I've one ViewModel that has a property. This property is a "PhysicalValue". This PhysicalValue is a class that is composed from a Value and an Unit.
public Class MyViewModel:INotifyPropertyChanged:IDataErrorInfo {
public PhysicalValue Target {get => _target; set => {_target = value; NotifyPropertyChanged("Target");}}
public string this[string columnName]
{
get
{
if (columnName == "Target")
{
if(_target.Value>5000){
return "out of spec value";
}
}
return String.Empty;
}
}
}
I've one control that should edit the value of this PhysicalValue:
[...]
<dxe:TextEdit EditValue="{Binding Target.Value, ValidatesOnDataErrors =true}"></dxe:TextEdit>
[...]
But I've no error for it(probably because it search for Target.Value
for an error.

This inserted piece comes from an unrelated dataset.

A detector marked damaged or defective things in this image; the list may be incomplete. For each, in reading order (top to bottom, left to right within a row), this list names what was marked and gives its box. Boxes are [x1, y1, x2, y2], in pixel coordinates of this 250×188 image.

I've tried another approach, bind directly to Target
, but this doesn't work, because I need the convertBack to known which Unit was used originally to rebuild a PhysicalValue.
How would you solve this?
The EditValue property of your TextEdit control is bound to PhysicalValue.Value
. When you set Binding.ValidatesOnDataErrors
to true, the binding engine checks if the class that has the target property implements IDataErrorInfo
.
So for this to work the PhysicalValue
class needs to implement IDataErrorInfo
:
class PhysicalValue : IDataErrorInfo
{
public double Value { get; set; }
public object Unit { get; set; }
public string Error => this["Value"] + this["Unit"];
public PhysicalValue(int v, object u)
{
Value = v;
Unit = u;
}
public string this[string columnName]
{
get
{
if (columnName == "Value")
{
if (Value > 5000)
{
return "out of spec value";
}
}
return String.Empty;
}
}
}
If the PhysicalValue class can not hold the validation logic or can not implement the IDataErrorInfo
interface you could create a proxy class that handles the validation and bind to that instead. Here is a small example:
class PhysicalValueValidator : IDataErrorInfo
{
private readonly PhysicalValue _physicalValue;
private double _maxValue;
public double Value
{
get { return _physicalValue.Value; }
set { _physicalValue.Value = value; }
}
public PhysicalValueValidator(PhysicalValue pv)
{
_physicalValue = pv;
_maxValue = 5000;
}
public void SetMaxValue(double maxValue)
{
_maxValue = maxValue;
}
public string this[string columnName]
{
get
{
if (columnName == "Value")
{
if (Value > _maxValue)
{
return "out of spec value";
}
}
return String.Empty;
}
}
public string Error => this["Value"];
}
The PhysicalValueValidator
class exposes the SetMaxValue(..)
method to update the validation logic from your panes viewmodel. The viewmodel could look like this:
class MyViewModel
{
private PhysicalValue _target;
public PhysicalValueValidator TargetValidator { get; }
public MyViewModel()
{
_target = new PhysicalValue(5, 10);
TargetValidator = new PhysicalValueValidator(_target);
// update validation Logic...
TargetValidator.SetMaxValue(6000);
}
}
In your xaml code, bind to TargetValidator.Value instead of Target.Value.